I have always felt that one of the best things we can do for young people is to foster inquisitiveness and point them toward good things to read; tests optional. But one test I don’t have a problem with is the simple citizenship exam seniors are supposed to take — and pass — as part of their traditional course on American government.

The test — a mere fraction of the 100 items that those who are seeking American citizenship must study — isn’t unreasonable; students only have to get 60% of the questions correct. This requirement came along, by law, a year or so ago, but undoubtedly was affected last spring by the abrupt halt to traditional class work due to the COVID-19 pandemic.

As much as I would like to claim otherwise, I’m not sure that my generation was much better prepared to practice its citizenry than the one we’re raising now. I most certainly could have passed the proposed citizenship test when I was 16 or 17, but I’m not sure passing it would have made me a better citizen, one more honest, more respectful, more capable of understanding the inner workings of a constitutional government, one less conspiratorially minded.

We’re obsessed with tests now; we love the idea of measurable knowledge, and as a result, we seem to be teaching more and more of what isn’t terribly important, just quantitative. I have known a lot of good citizens who would, perhaps, fail a paper-and-pencil citizenship test, yet they would be there for me if I needed a hand; they don’t litter or speed, and they respect my opinions whether I vote the way they do or not. Those things should count for something.

One or more of the questions on the test — a quiz, actually — could deal with Abraham Lincoln, and rightly so. I say that not just because we just celebrated Presidents Day, a mere three days after the observance of Lincoln’s 212th birthday. What we need to know about “The Great Emancipator” is not concerned with his stovepipe hat or little Grace Bedell’s suggestion that he grow whiskers or that he let his young sons run amok in the White House, although those are good and interesting things to know.

Lincoln endures in our history for universal reasons: his humility, humor, melancholy, and decency; his unique mixture of idealism and harsh pragmatism, too. Those are things tested over a lifetime, not in an hour, and certainly not at the discretion of many of our legislators, who, for some inexplicable reason, have now decided that properly funding true public education is a nuisance.

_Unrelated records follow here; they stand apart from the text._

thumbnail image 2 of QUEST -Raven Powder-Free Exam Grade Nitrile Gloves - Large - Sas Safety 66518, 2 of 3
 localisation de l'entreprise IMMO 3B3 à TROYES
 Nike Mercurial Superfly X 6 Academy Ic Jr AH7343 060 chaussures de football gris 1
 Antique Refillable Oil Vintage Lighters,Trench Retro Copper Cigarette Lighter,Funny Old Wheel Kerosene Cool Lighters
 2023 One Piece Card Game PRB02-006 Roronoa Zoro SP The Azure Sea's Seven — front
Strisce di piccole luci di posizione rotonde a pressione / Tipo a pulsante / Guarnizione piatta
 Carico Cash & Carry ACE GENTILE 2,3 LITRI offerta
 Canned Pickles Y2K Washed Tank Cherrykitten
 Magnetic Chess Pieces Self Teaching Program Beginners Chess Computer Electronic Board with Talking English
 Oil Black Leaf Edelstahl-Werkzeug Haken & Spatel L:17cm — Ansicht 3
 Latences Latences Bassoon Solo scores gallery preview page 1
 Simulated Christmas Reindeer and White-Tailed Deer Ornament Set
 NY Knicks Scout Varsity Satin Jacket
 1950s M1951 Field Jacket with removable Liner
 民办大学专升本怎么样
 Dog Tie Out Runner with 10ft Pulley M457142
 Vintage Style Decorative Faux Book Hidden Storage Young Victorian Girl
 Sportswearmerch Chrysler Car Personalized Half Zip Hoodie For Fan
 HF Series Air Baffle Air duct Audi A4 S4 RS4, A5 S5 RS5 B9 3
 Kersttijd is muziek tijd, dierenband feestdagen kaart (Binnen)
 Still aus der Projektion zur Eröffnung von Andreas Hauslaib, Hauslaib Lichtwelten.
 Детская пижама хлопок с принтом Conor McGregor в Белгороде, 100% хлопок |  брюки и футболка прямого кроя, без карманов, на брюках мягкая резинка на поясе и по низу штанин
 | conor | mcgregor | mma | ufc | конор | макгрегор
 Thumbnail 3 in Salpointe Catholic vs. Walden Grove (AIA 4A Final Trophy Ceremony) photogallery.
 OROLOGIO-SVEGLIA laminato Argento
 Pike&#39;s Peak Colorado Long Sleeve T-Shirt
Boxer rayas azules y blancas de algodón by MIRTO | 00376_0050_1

What attracts me to Lincoln’s story most, perhaps, is his humanity, his gifts of intelligence, his wit and iron will, his determination and ambition, his thirsty quest to know. He was not a cardboard cutout who grasped upon the idea of self-promotion as a rail-splitting Socrates arriving to save the Union, but truly a self-made man who saw his opinions on race and religion and government’s role evolve over time. His ambition was born from poverty; he was endowed no family fortune and made his life as a successful attorney through the labor of his own powerful hands and keen mind.

It seems the popular thing to do to glom onto Lincoln these days, to quote him, to namedrop him as if he were handing out endorsements like candy. I just wish more of our leaders would take to heart what he had to say.

On Nov. 20, 1860, just two weeks after his election to the presidency, Lincoln said, “Let us at all times remember that all American citizens are brothers of a common country, and should dwell together in the bonds of fraternal feeling.” And yet, a month later, South Carolina was the first Southern state to secede from the Union, and we were headed toward civil war.

What would he have said had he seen that mob’s assault on the Capitol Building last month?

We like to quote from Lincoln’s famous debates with Stephen Douglas, or Lincoln at Cooper Union when he suddenly became his party’s presidential front-runner, or Lincoln in his address at Gettysburg or his magnificent inaugural speeches. But to me, one of the best things he ever wrote and said, in simple language, didn’t come from those historic events at all.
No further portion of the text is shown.